It is common to talk about how the teenage years are a time of risky behavior. And, when we talk about why teens engage in risky behavior, there is a tendency to focus on the development of the frontal lobes. We know that there are mechanisms that involve the frontal lobes of the brain that stop behavior that has been engaged. In Smart Change (link is external), I call these mechanisms the Stop System. The frontal lobes do not mature fully until early adulthood, and so that is part of the reason why teens do risky things.
If it was just that the Stop System hasn’t matured yet, then even young children should engage in lots of risky behavior. Instead, there is another component. Adolescents also engage lots of behaviors that they perceive to be rewarding. I call the mechanisms that drive people toward behaviors the Go System.
This view suggests that adolescents have a perfect storm of a Go System that is driven to pursue rewards despite potential risks and a Stop System that is not capable of stopping a behavior that is risky.
An interesting paper in the November, 2014 issue of Psychological Science (link is external) by Zachary Roper, Shaun Vecera, and Jatin Vaidya provides some evidence for this view of adolescent risky behavior.
These researchers suggest that if adolescents are drawn toward rewards, then they should persist in paying attention to rewarding items in the environment, even when they are no longer rewarding.
To test this possibility, 40 teens (ranging in age from 13-16) and 40 adults (with an average age of 27) were run in a study. In the first part of the study, participants saw a number of colored circles on a computer screen. Inside of each circle was a line. There was always one red or green circle on the screen, and the rest were other colors. Participants had to press one of two buttons to indicate whether the line inside the target circle was horizontal or vertical. When they responded correctly, they were rewarded. For each participant, one color was generally associated with a larger reward (10 cents) than the other (2 cents). So, for a particular participant, the red circle might generally lead to a 10 cent reward and the green circle might lead to a 2 cent reward.
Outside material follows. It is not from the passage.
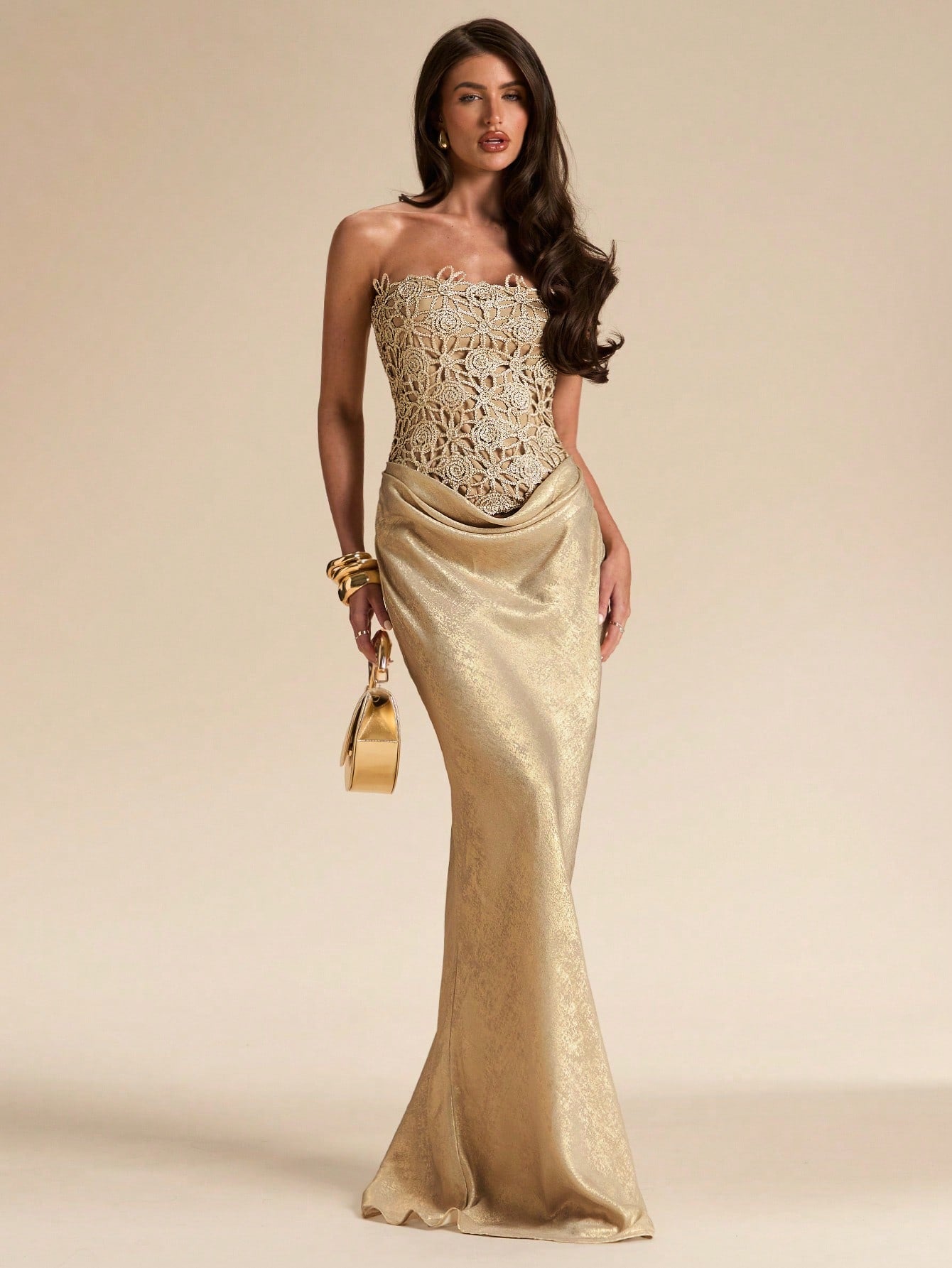 BAE Women's Elegant Gold Summer Dining Floral Hollow Textured Fitted Bustier Bodycon Dress,Wedding Guest Bridesmaid Birthday Party Beach Music Festival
After doing 240 trials like this, the task was changed. Now, participants did another 240 trials in which they had to find a blue diamond and report the orientation of the line inside that shape. The rest of the objects on the screen during these test trials (which are called distractor items) were colored circles. On some trials, one of those distractor circles was a red or green, which had been associated with a reward in the first part of the study.
The key question was whether the amount of time it took participants to respond correctly on the test trials was affected by the presence of circles that had been rewarded in the first part of the study. If it takes longer for participants to respond in the presence of a distractor that had been rewarded in the past, it suggests that distractor is attracting attention from the real goal of the task.
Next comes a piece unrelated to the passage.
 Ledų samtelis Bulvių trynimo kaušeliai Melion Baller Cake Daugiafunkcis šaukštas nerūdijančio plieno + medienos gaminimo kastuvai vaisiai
Adults are not strongly affected by the initial training. In the first group of test trials, they are a little slower at responding when one of the distractors had been rewarded in the first group of trials. After about 60 trials, though, adults are no longer affected by what had been rewarded before. That is, the Go System no longer drives adults toward old rewards.
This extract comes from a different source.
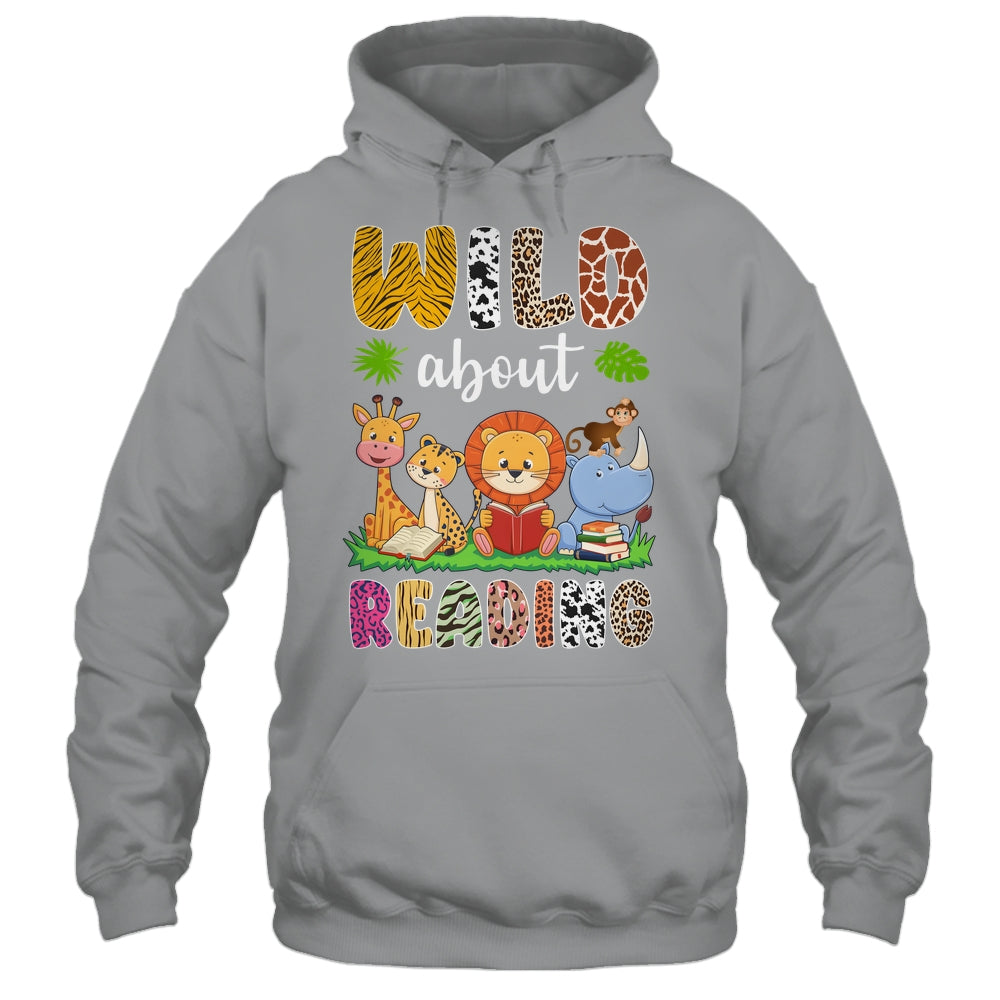 Zoo Animals Wild About Reading Books Reader Lover Librarian Shirt & Hoodie | teecentury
The teens act quite differently. They are much slower to respond when one of the distracting circles had been rewarded in the past. They are slowest when the distractor was color that got the large reward. They are fastest when none of the distractors had been rewarded. The circle that got the small reward came out in between. This effect persisted over the entire set of 240 test trials.
Finally, the effect was strongest in the 13- and 14-year-olds who were tested. They were most captivated by the circles that had been rewarded before. The 15- and 16-year olds were also a bit slower when faced with a circle that had been rewarded before, but not as much as the younger teens.
This suggests that the risky behavior we see in teens has two sources. First, the Go System of teens gets directed toward things that have been rewarded in the past. It is hard for teens to dampen this activity of the Go System. Then, on top of that, the Stop System has trouble overcoming the direction of the Go System, so that teens continue to act on the impulse to do what had been rewarded on the past.
Ultimately, this validates the importance of using the environment to help teens protect themselves. It is just hard for teens to overcome strong temptations. Perhaps the best way to help teens to avoid risky behavior is to remove the most significant risks from the environment. While teens have to learn to say no to activities they should not perform, there is no reason for them to have to overcome the full strength of their Go Systems.